No podéis siquiera imaginar lo vacío de mi existencia hasta el momento en que descubrí esta maravilla… Típico de la cocina turca y griega, el baba ganoush es un puré de berenjena con sésamo absolutamente delicioso.

Queda maravilloso con cualquier cosa, aunque con un pan injera sin gluten y low carb (o con cualquier primo suyo con un nombre más otomano/heleno) os elevará a la estratosfera del placer sensorial.

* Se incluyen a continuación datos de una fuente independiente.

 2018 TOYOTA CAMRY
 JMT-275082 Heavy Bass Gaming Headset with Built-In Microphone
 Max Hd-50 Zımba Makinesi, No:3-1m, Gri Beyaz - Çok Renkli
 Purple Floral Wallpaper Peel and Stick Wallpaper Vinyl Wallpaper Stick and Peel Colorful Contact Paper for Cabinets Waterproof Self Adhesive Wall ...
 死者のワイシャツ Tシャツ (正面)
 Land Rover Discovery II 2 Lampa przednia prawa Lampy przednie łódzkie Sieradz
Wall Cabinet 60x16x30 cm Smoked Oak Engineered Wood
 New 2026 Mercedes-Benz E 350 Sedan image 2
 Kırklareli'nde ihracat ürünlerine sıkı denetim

Procedo a contaros mi “receta infalible en 8 minutos”. Probadla y os aseguro que la idolatraréis igual que yo.

Necesitáis:

  • una berenjena hermosa
  • un diente de ajo
  • una cucharada de tahine (o crema de sésamo)
  • sal y zumo de limón o vinagre al gusto

Yo me limito a meter la berenjena entera (con un cortecillo para que no explote) en el microondas a máxima potencia 6-7 minutos. Una vez cocida, la corto en cachillos (no quitéis la piel, que para  vuestra microbiota intestinal será un festín¹) y la trituro con el resto de ingredientes. ¡Listo! 8 minutos bien empleados 😀

  1. Para los recelosos de la nada desdeñable cantidad de lectinas que os caerían si optáis por incluir la piel de la berenjena, el debate está abierto y aquí 🙂

No-zumo de desayuno low carb II (de infusión de escaramujo e hibisco)

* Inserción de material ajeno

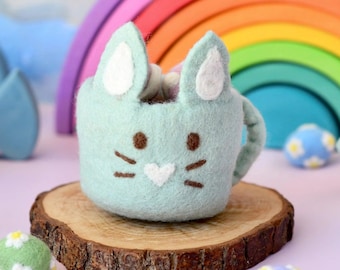 Mug de Pâques menthe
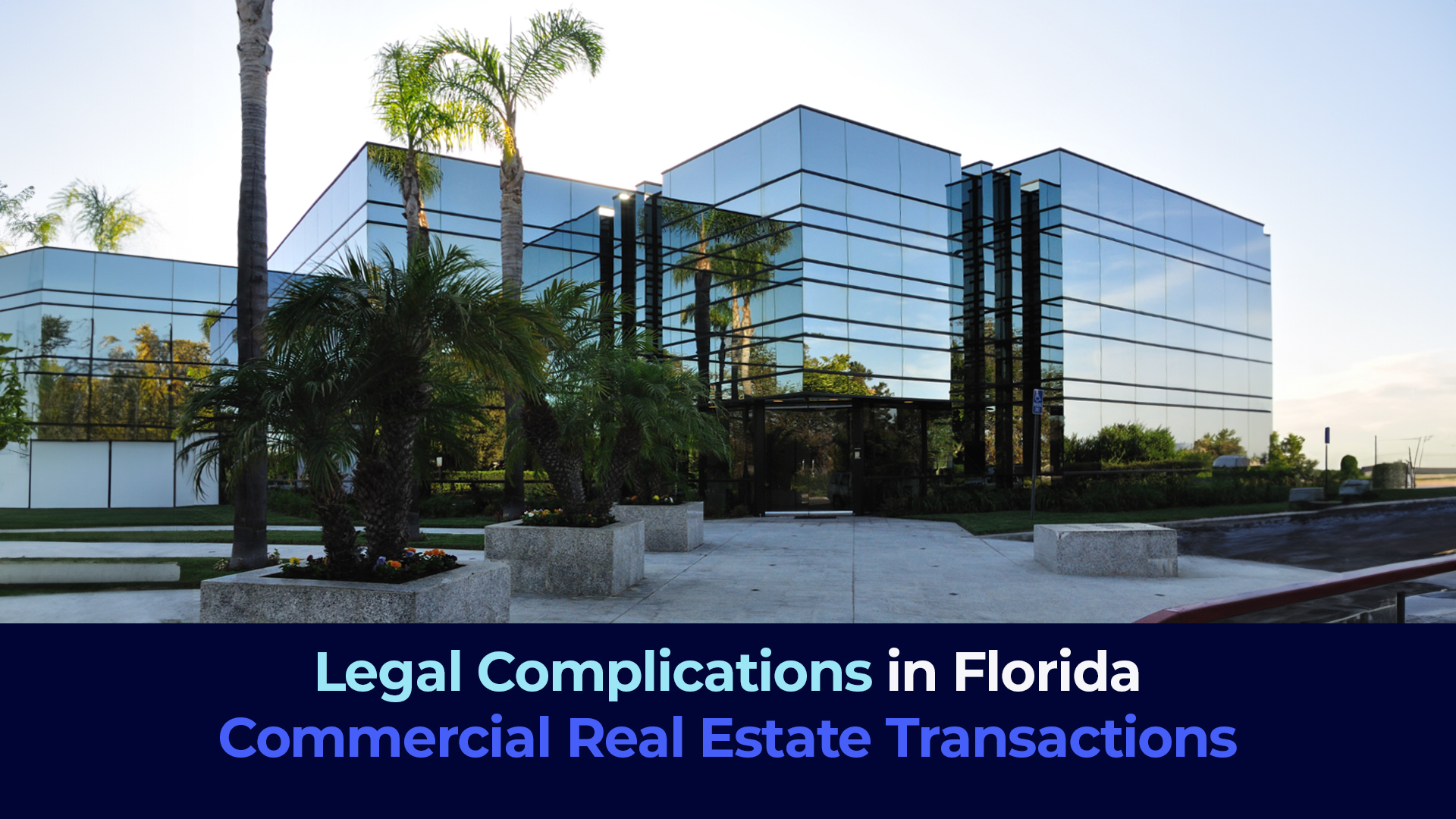 Commercial real estate transactions
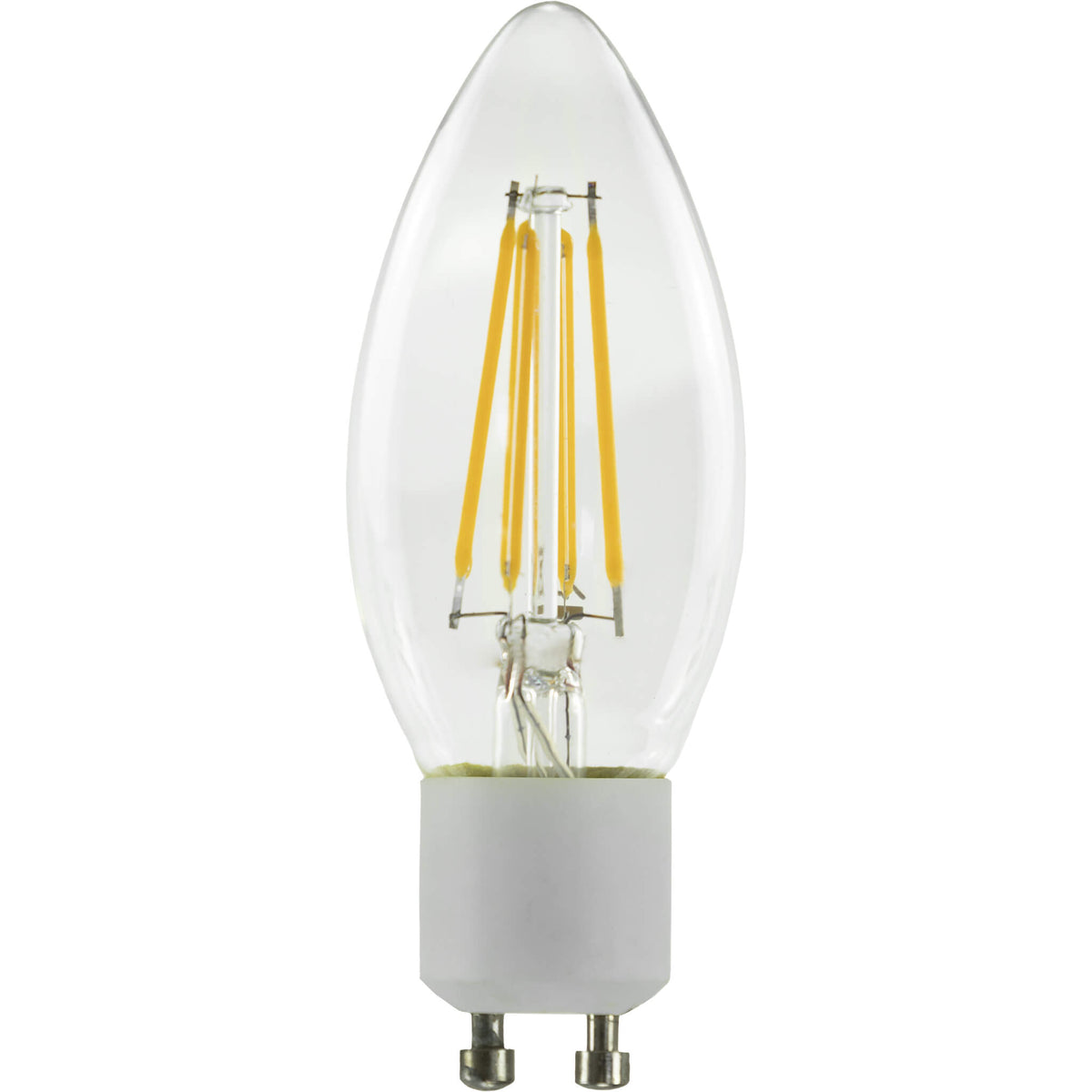 SEGULA LED Kerze GU10 klar – GU10, 3 W, 2.700 K, dimmbar – Bild 1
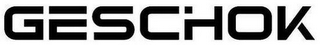 GESCHOK logo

Sí, un zumo low carb. Qué hallazgo, por favor. Propiedades pro-sistema inmune aparte, me declaro fan incondicional de esta infusión color rubí de sabor intenso, ácido y dulzón. La encontré por casualidad cuando fui a por rooibos al Corte Inglés. Está deliciosa. Y si en modo infusión es un primor, ¡imaginad en modo refresco/no-zumo de desayuno!

También os diré que ni siquiera creo que sea necesario edulcorar la infusión, resulta deliciosa tal cual. Una bebida  harto refrescante sin azúcar, sin lácteos, vegana, low carb y sana a rabiar que hará que descartéis los zumos sin un atisbo de duda. ¡Probadla si podéis!